CDAP Cloud 5.x

Introduction 

As of release 4.x, a CDAP instance is tightly bound to run jobs on a single Hadoop cluster. The resources that are needed to run user programs (Mapreduce, Spark, etc) and the resources needed by CDAP for orchestration is bound to the same Hadoop cluster. This approach requires a single long lived instance of the cluster that does not fit into the economies for certain use cases especially on the Cloud. This wiki documents the use cases and high level areas for re-architecting CDAP for Cloud. 

User Stories 

  • Dynamic workloads
  1. Data architect wants to create a data lake on ADLS by collecting various data from Database, SFTP sites, and Redshift on a periodic basis.
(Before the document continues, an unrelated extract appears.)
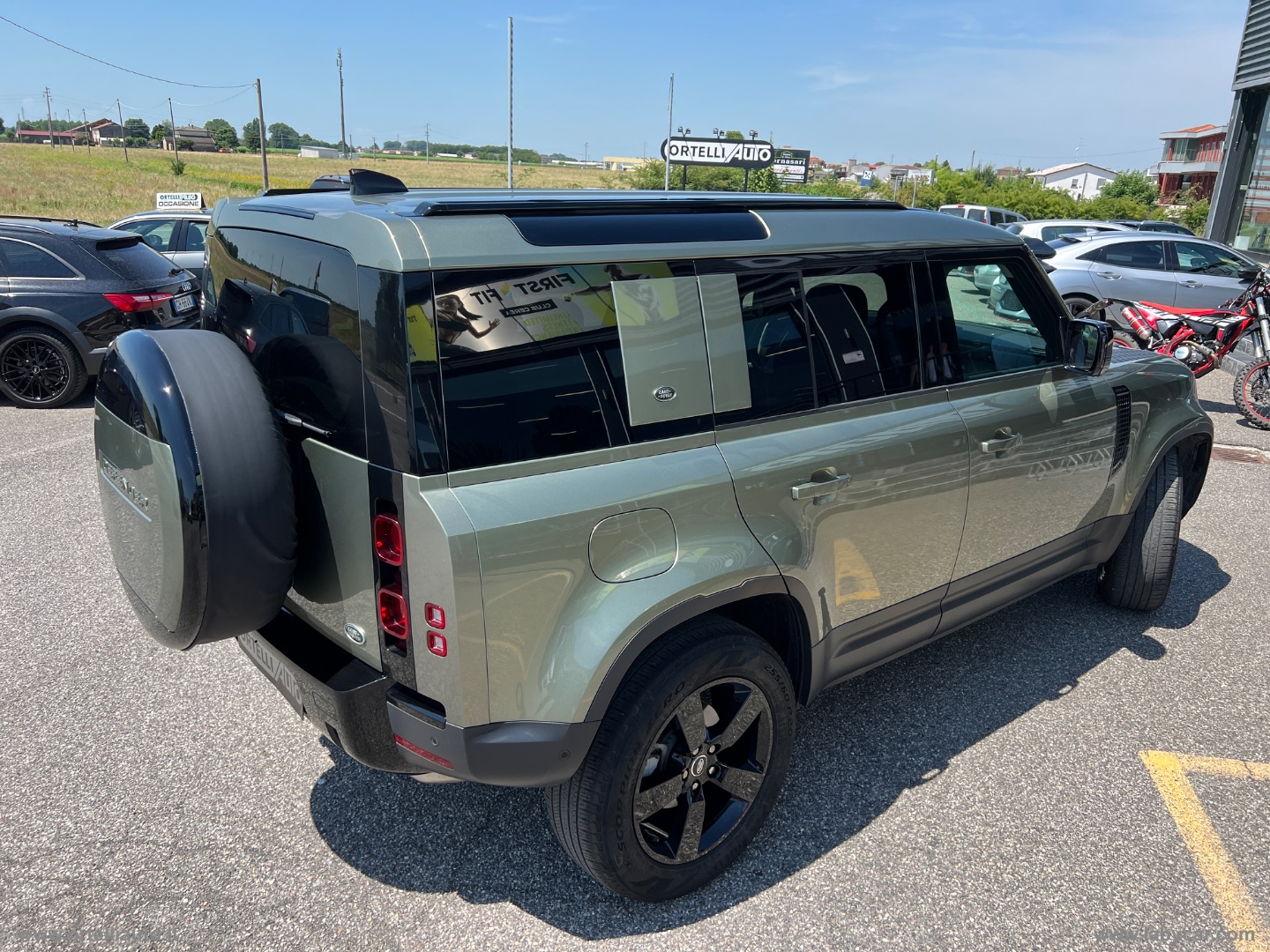 Defender 110 3.0D I6 250 CV AWD Auto SE - immagine 47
The data lake needs to be refreshed with new data on a daily basis. The scale of data that needs to refreshed is around 25 GB per day and will increase over time. The solution to refresh the data in ADLS should use the resources optimally (i.e., use the compute resources as needed) and should scale for future workloads.
  2. ETL developer wants to build a compute data analytics of the data on data lake. The data is landed into the data lake every day at mid night UTC. The analytics job processes 1TB of data and has to be available at 5am UTC. There are no other jobs that requires this massive scale and the solution designed should reduce the total cost of ownership for the analytics job.
  3. Data scientist wants is tasked with building a new model for the recommendation system. The model building requires experimentation of large datasets on the data lake and requires a large compute resource for a day. The current production clusters that builds older models does not have enough resources for this "one-off" experiment.
  • Reusing Hadoop cluster resources
  1. Data scientists wants to develop data models using compute resources of an existing cluster, but does not have access to install CDAP on the cluster.
  • Operational Metadata (Metrics, Logs, Lineage, Audit)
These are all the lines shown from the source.